La ricerca LHH “Il costo emotivo della Leadership”, condotta su oltre 4.300 lavoratori, mostra un dato che non può più essere ignorato: lo stress è ormai strutturale. Più dell’ottanta per cento degli intervistati dichiara di viverlo con costanza e, per una parte significativa, non si tratta di un effetto dei picchi stagionali ma di una condizione ricorrente. Le ragioni non riguardano le scadenze, come spesso si pensa, ma aspetti più profondi della vita aziendale. Carichi di lavoro elevati, mancanza di risorse e pressioni dall’alto sono le cause più citate, insieme ai conflitti relazionali. Segnali che parlano di organizzazioni che faticano a sostenere il proprio ritmo interno.
Il burnout è l’altro lato di questa storia. La ricerca mostra che più di un lavoratore su due lo ha sperimentato almeno una volta e quasi uno su cinque ne soffre attualmente. Le manifestazioni non sono soltanto psicologiche, ma fisiche e cognitive: stanchezza persistente, insonnia, difficoltà di concentrazione, irritabilità e calo motivazionale. È la fotografia di un esaurimento che non nasce solo dal “fare troppo”, ma dal non riuscire a recuperare energie, a sentirsi supportati, a riconoscersi nel contesto in cui si lavora.
Il dato forse più emblematico riguarda il silenzio. Il quarantuno per cento dei lavoratori non parla a nessuno quando vive un disagio emotivo legato al lavoro. Non lo fa con il capo, non lo fa con l’HR, non lo fa con i vertici. È una barriera che pesa tanto quanto le ore di straordinario. E quello stesso silenzio torna nel rapporto con i responsabili. Molti manager si vedono come figure di supporto, ma quasi un terzo dei collaboratori percepisce la leadership come fonte di pressione. E quasi la metà considera il proprio capo molto stressato. Quando a mancare è lo spazio psicologico per parlare, la relazione si irrigidisce e il benessere si indebolisce in profondità.

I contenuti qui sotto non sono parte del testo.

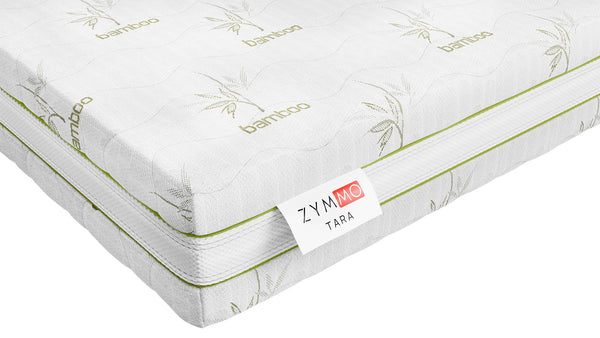 Στρώμα Tara της Zymmo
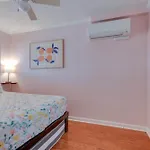 North Myrtle Beach Condo Steps To Ocean!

Un aspetto interessante è che i lavoratori attribuiscono la responsabilità del benessere psicologico soprattutto all’azienda, non all’individuo. Vertici, responsabili diretti e HR sono indicati come gli attori che dovrebbero farsi carico di questo tema. E le soluzioni richieste non sono astratte: più empatia, più ascolto, comunicazione chiara, riconoscimento del lavoro, maggiore autonomia e una distribuzione più equa dei carichi. Non benefit, ma comportamenti manageriali. Non iniziative spot, ma cultura.
La ricerca LHH suggerisce una verità semplice. Il benessere non è un concetto teorico, è un effetto concreto delle relazioni che viviamo ogni giorno. Dove c’è ascolto, fiducia e chiarezza, i team lavorano meglio e le persone restano. Dove il dialogo si spezza, la performance si indebolisce e il rischio di perdita di talenti aumenta.
In un mercato dove le competenze sono preziose e l’engagement è un indicatore sempre più sensibile, il costo emotivo della leadership diventa un tema strategico. Non riguarda solo chi guida, ma l’intera struttura che sostiene il lavoro. Ed è proprio da qui che passa la possibilità di costruire organizzazioni più sane, più efficaci e, soprattutto, più umane.